Tomato pickers’ $200,000 welfare scam turns rotten
Centrelink has cancelled, suspended or reduced the payments of 33 people for failing to declare earnings stemming from a cash economy field investigation near Bowen, Queensland, over the last two days.
A number of other Centrelink customers are being probed for possible prosecution activity after raids on farm labour plants in the far North Queensland region.
The joint operation, including the Department of Immigration and Multicultural and Indigenous Affairs, the Queensland Police Service, the Australian Federal Police, the Australian Taxation Office and Centrelink, uncovered the scam involving tomato and capsicum pickers and packers.
Australian taxpayers will realise a minimum of $200,000 in savings per year as a result of the successful inter-agency operation with subsequent scrutiny expected to generate further debt recovery and prosecution action.
The deployment of stationary interception sites played a crucial role in pinpointing the welfare cheats and confirming suspicions that Centrelink customers were employed under false names or deliberately not declaring their income while being paid cash for their services.
This joint-agency operation is another example of the increasing focus on stamping out welfare fraud activity in all parts of Australia.
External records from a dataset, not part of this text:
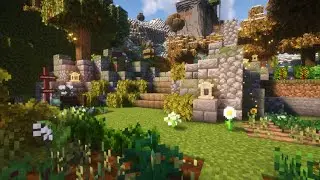 Witch&rsquo;s Apothecary: Green Witch Garden Build II ☽◯☾ Nature Sounds/Minecraft Music ☽◯☾ Relax ☽◯☾ ch6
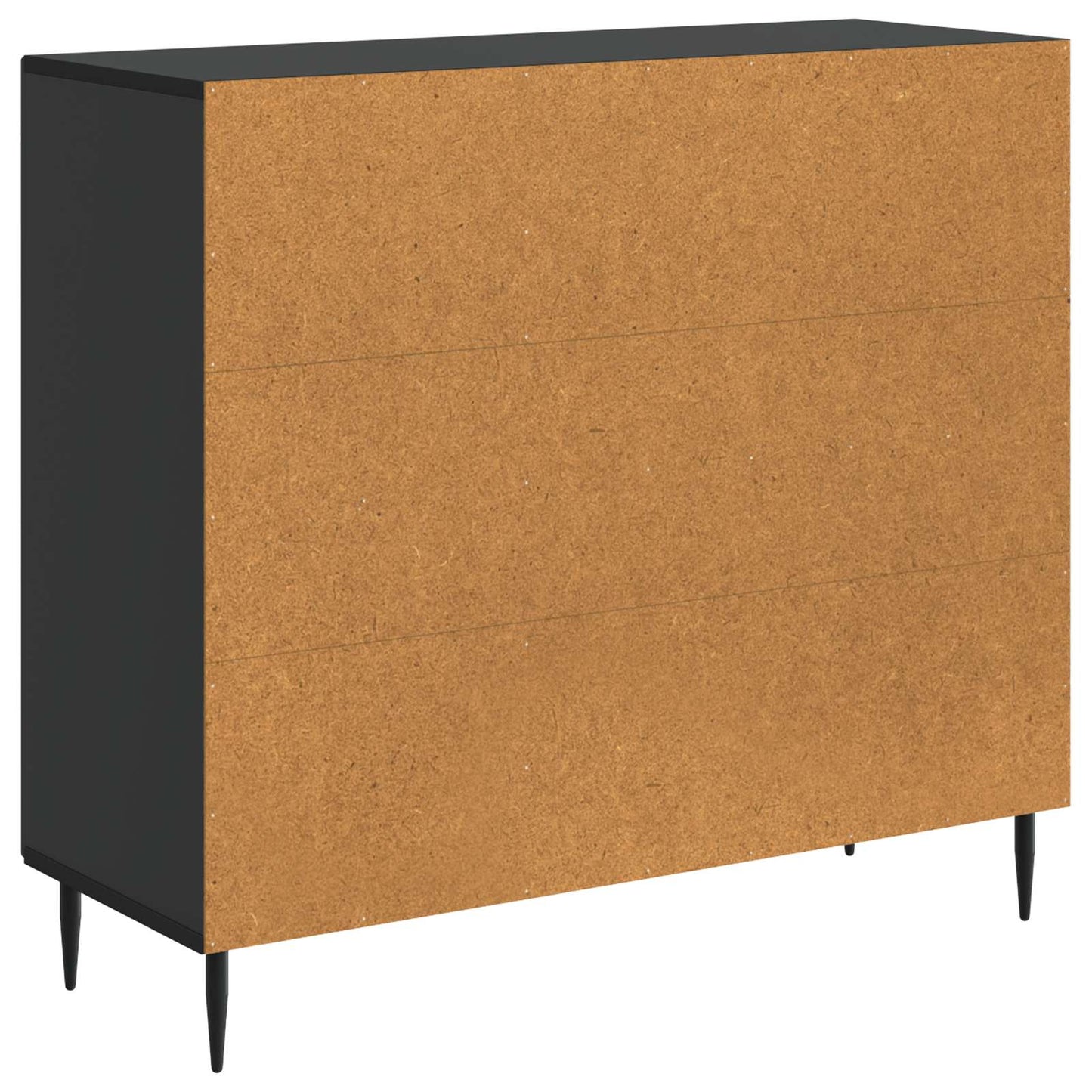 Sideboard Svart 89 x 34,5 x 80 cm Konstruerat trä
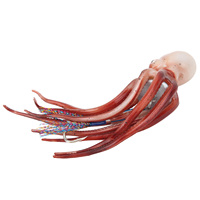 Leurre de pêche artificiel en forme d'encre de poulpe rouge 300g pour la pêche en mer
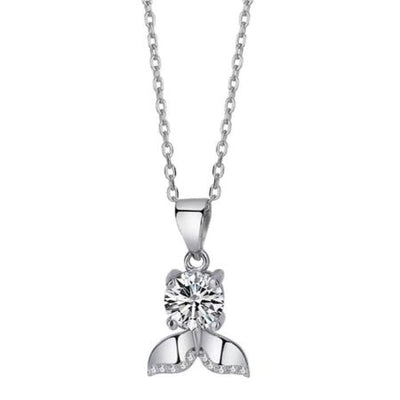 Theodora Moissanite Necklace whitegold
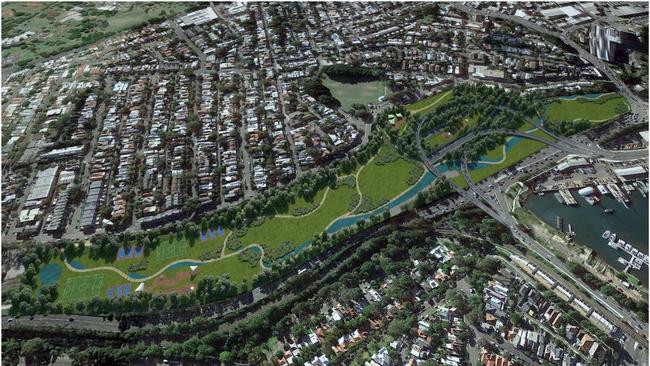 The WestConnex Rozelle interchange design.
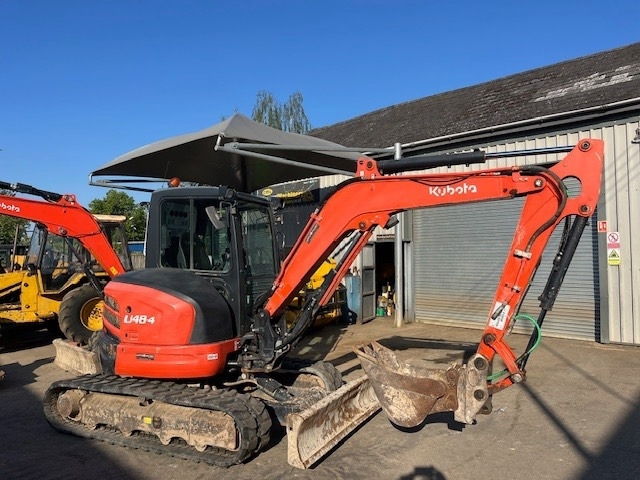 Kubota U 48-4 - Мини багер: снимка 2 Kubota U 48-4 - Мини багер: снимка 2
The cooperation of Government departments has clearly enhanced Centrelink’s detection and deterrence strategies.
The welfare system plays a vital role in helping people who are genuinely vulnerable in our community. Welfare cheats are taking from the needy and this is an unacceptable situation for most Australians.
Most of Centrelink’s customers are honest and treat the system with integrity. But the Bowen operation sends a clear message that Government agencies will leave no stone unturned in catching people who deliberately rip off the system.